KOTA KINABALU: Addressing "accidental" shark and ray catches by fishermen should be a priority in the conservation management, says Marine Research Foundation executive director Dr Nicolas Pilcher.
"Given that sharks and rays play a crucial role in our ecosystems and economies, addressing accidental catch should be prioritised in a way that continues to ensure the livelihoods of fishermen are maintained, but also that these endangered species are protected," said Pilcher.
Sharks and rays, he said, were valuable resources that were depleting, rather than increasing due to unselective fishing.
"Sustainable fisheries management practices such as time-area closures (closing a space for a short period) and gear restrictions (limiting the types of gear used in important shark areas) are two such measures that could reduce accidental catch of sharks and rays," he said on Friday (April 7).
Friends of Sea Turtles Education & Research (Foster) president Alexander Yee said it was clear that addressing accidental catch can only be part of the solution.
"We need government agencies and NGOs to continue encouraging consumers to avoid eating shark fins - as the well-known saying goes, when the buying stops, the killing stops.
"Secondly, we need better ways to monitor for, and improve enforcement of international exports of sharks and rays - where high value fins are often in greater demand.
"And this is not as simple as it might sound. There are entrenched businesses that have depended on this trade for decades, and so management measures must be mindful of how this is phased out," he said.
Yee said while there are obvious advantages to protecting our sharks, one of the challenges is to find a balance between communities who have sharks as their diet and us conservationists and tourism operators."
To avoid drastic declines of sharks and rays in Sabah, "reasoned and balanced" conservation measures were needed, and conservationists want the Sabah government to step up measures to "protect these incredible ocean ambassadors."
Even though Sabah does not have specific target fisheries for sharks, 713 tonnes of sharks and 1,991 tonnes of rays were landed mostly due to accidental fishing in 2021.
More than 138,000 individual sharks and rays were estimated to be caught by trawl vessels in just Sabah in a single year, according to the Marine Research Foundation.
This estimate does not include landings from other fishing gears such as the ubiquitous gillnets used by traditional fishers, longlines, and purse seine vessels.
"Over time, this accidental catch of sharks and rays can lead to reduction in population sizes of vulnerable species and may contribute to local extinctions. Imagine a Sabah with no sharks," the MRF conservationist said.
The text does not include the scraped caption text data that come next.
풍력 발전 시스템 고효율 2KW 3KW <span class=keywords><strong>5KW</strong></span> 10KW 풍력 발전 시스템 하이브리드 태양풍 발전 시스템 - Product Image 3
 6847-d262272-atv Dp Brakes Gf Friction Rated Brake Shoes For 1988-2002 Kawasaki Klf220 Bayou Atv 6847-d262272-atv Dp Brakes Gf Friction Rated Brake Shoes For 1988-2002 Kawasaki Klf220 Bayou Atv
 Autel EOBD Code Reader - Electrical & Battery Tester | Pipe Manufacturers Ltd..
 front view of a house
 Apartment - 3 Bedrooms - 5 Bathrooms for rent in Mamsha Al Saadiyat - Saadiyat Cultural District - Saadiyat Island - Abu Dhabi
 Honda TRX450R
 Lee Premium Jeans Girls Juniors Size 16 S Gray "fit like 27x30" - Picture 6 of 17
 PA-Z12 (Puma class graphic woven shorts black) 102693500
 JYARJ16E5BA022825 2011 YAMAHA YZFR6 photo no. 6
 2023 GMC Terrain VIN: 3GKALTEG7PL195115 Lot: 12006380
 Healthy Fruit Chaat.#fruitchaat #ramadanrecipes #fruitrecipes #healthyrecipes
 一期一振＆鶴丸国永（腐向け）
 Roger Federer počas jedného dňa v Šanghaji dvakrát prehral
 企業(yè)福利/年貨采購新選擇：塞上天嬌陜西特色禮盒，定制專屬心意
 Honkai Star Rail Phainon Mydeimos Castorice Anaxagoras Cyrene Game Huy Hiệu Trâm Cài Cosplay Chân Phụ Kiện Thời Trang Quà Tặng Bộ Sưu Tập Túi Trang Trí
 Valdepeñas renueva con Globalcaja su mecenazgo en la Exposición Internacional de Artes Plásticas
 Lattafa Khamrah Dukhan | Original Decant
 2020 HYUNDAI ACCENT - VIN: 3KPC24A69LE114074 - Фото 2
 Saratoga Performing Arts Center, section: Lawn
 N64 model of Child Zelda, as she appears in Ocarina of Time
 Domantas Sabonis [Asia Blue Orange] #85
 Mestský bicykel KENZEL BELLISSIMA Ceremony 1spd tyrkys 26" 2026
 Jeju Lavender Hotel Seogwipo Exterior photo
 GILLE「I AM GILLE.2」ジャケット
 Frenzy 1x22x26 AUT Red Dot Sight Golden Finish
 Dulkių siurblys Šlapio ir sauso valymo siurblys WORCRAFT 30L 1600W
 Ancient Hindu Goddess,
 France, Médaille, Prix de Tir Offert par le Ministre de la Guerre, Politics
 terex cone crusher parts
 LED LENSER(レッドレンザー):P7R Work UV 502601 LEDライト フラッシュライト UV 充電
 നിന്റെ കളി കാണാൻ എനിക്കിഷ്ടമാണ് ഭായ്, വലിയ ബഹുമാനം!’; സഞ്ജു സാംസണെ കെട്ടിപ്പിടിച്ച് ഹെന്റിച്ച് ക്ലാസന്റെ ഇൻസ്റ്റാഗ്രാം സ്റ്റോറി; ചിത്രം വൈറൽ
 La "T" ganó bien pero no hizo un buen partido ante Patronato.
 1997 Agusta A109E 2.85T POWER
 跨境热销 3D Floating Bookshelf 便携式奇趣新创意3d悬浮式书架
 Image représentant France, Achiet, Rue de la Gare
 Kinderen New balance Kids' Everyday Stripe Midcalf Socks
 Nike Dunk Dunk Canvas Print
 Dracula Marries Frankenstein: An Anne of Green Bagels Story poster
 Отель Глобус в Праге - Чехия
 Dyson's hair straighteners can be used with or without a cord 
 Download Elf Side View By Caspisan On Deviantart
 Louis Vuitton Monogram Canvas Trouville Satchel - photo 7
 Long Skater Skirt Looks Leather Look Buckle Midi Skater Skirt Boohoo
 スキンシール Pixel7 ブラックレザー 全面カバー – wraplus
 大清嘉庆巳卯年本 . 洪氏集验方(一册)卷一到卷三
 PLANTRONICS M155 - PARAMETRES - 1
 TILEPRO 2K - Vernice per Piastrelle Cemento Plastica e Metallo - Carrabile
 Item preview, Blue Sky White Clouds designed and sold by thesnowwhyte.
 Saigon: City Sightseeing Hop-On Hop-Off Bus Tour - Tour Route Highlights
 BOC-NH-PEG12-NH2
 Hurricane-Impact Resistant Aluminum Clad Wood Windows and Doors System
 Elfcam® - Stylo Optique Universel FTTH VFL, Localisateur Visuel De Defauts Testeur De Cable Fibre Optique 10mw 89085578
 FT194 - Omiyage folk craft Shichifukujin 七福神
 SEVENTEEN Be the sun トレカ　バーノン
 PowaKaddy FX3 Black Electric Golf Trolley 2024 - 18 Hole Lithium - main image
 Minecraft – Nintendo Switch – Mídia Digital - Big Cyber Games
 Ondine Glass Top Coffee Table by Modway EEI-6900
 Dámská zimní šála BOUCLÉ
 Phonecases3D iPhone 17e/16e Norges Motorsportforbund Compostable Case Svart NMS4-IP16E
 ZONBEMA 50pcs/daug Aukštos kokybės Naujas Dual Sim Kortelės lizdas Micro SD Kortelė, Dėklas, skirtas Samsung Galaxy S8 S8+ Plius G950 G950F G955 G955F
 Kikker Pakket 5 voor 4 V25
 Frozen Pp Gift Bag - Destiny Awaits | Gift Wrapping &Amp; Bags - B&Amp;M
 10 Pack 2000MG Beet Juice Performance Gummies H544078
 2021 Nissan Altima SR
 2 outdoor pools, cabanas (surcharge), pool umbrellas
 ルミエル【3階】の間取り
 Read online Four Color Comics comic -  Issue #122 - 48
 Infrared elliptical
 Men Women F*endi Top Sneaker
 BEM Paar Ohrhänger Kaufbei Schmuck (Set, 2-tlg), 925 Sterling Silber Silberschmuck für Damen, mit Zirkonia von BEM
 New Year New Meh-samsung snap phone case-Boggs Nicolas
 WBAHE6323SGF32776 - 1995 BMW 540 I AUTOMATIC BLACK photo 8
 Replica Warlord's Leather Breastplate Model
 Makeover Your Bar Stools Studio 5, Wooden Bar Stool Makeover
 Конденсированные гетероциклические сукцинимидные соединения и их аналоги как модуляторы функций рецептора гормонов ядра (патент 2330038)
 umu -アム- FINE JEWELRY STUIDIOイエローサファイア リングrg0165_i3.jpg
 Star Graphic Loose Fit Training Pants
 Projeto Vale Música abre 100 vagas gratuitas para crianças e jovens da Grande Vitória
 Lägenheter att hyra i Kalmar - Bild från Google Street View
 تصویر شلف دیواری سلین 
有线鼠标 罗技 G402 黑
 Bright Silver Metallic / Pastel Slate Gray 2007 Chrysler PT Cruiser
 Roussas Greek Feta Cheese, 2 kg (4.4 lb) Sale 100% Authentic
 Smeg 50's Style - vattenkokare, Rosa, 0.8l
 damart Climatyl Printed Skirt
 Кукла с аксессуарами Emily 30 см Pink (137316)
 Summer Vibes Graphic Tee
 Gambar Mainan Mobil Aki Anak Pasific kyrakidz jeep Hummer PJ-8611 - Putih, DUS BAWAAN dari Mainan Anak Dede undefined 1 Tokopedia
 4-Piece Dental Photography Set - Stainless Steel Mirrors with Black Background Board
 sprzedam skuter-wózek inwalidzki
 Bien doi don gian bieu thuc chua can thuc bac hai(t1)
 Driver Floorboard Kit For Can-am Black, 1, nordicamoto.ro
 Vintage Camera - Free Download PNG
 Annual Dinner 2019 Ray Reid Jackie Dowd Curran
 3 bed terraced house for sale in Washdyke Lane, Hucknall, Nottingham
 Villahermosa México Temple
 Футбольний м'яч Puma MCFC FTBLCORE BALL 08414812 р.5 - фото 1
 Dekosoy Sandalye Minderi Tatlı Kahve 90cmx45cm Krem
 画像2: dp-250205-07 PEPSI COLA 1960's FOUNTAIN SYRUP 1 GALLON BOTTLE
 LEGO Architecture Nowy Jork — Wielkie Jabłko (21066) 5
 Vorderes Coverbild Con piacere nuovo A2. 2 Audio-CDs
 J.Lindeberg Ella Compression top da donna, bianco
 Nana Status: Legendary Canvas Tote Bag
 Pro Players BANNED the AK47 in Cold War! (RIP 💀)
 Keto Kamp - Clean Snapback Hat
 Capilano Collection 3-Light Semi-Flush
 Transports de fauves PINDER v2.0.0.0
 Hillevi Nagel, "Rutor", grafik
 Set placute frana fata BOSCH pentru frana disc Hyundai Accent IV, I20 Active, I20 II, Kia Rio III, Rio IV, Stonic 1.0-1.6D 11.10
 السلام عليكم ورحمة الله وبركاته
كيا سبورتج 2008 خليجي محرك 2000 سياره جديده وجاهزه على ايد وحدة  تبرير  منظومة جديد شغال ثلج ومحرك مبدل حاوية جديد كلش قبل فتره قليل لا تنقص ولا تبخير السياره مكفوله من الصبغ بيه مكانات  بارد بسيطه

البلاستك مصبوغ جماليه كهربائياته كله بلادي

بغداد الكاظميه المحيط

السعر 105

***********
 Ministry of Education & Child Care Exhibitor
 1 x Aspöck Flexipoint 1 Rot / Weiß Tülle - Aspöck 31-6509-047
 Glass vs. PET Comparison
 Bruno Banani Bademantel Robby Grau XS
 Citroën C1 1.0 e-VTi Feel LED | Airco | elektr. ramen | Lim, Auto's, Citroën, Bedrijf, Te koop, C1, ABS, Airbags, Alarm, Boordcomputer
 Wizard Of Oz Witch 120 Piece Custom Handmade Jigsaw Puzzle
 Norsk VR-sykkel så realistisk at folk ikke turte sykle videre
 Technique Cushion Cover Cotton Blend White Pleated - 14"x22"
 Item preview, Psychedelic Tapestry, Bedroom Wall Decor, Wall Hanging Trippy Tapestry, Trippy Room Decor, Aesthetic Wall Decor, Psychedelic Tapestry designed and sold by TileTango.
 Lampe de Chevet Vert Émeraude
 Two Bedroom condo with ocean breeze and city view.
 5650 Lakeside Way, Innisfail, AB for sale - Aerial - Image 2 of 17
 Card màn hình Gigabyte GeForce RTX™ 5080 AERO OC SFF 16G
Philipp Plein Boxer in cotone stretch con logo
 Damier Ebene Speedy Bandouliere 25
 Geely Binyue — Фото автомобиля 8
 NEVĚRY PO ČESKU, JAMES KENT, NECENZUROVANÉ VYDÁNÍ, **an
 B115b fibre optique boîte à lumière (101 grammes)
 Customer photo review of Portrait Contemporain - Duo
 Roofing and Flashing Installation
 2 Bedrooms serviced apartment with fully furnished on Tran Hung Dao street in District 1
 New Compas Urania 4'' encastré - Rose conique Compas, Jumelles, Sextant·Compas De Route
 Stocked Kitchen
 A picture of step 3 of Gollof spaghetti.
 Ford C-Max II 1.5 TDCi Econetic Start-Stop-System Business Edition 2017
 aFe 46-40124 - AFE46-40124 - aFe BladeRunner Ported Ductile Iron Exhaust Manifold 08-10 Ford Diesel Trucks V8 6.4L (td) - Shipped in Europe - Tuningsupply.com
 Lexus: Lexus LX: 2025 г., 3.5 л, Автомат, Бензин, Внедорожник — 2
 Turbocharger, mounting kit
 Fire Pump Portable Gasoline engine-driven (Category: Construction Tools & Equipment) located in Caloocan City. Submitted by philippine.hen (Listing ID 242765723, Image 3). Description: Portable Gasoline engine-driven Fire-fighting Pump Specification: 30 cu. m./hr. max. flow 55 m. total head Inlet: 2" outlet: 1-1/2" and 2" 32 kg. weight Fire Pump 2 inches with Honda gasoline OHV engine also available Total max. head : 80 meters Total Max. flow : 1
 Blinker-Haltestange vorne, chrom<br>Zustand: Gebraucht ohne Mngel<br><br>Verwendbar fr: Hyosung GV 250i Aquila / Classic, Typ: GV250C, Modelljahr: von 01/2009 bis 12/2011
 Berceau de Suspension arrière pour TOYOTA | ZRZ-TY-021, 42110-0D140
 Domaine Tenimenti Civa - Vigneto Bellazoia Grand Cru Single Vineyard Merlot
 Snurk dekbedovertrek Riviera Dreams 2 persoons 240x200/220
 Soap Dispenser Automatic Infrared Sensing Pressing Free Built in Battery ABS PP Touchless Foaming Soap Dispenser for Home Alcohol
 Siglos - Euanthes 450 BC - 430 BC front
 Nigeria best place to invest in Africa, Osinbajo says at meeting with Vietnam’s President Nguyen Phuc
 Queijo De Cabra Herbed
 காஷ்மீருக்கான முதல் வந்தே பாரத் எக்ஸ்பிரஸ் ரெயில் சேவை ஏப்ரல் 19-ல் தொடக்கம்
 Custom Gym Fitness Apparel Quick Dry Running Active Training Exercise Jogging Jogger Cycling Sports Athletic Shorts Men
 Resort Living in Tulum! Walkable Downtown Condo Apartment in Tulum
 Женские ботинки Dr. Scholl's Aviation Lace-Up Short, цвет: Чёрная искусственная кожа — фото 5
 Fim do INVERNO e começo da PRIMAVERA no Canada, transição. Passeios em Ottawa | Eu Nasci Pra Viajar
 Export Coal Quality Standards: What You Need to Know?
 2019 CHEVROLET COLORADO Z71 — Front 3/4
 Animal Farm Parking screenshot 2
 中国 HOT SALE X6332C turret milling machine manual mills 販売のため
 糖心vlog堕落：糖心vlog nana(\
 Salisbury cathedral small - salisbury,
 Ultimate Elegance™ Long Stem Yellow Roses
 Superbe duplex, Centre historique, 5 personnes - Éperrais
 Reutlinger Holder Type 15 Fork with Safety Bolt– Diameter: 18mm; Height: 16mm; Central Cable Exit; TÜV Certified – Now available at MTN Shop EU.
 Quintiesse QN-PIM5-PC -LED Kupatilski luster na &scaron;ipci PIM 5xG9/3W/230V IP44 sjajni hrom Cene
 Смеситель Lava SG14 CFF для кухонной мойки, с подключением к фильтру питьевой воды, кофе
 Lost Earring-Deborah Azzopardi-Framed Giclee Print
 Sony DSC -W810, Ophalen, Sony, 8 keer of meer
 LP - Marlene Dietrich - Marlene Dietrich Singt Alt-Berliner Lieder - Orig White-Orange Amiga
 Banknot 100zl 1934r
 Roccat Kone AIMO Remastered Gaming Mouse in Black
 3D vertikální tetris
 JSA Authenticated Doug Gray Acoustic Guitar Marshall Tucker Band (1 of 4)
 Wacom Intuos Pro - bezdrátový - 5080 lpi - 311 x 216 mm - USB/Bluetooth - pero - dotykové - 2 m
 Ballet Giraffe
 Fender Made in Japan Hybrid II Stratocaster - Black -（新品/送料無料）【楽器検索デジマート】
Sabah Dive Tourism ambassador Clement Lee said that these sharks and rays have tremendous value to tourism, particularly the diving industry.
"Dive tourism receipts ranged from RM450mil to RM800mil annually in the last few years in Sabah and sharks are a main contributor to this. You take sharks out of the water, you take a big chunk out of dive tourism receipts," Lee said.
In 2018, during the Sabah Sharks and Ray Forum 2018 in Kota Kinabalu, Australian Institute of Marine Science (AIMS) Dr Johanna Zimmerhackel said that the Semporna diving industry was worth USD72mil (RM316mil) a year.
Of this, US$22mil (RM100mil) was based on shark diving. Some 29% of all tourists visit Semporna annually and 41% of them ranked sharks as their principal attraction, followed by sea turtles and fishes.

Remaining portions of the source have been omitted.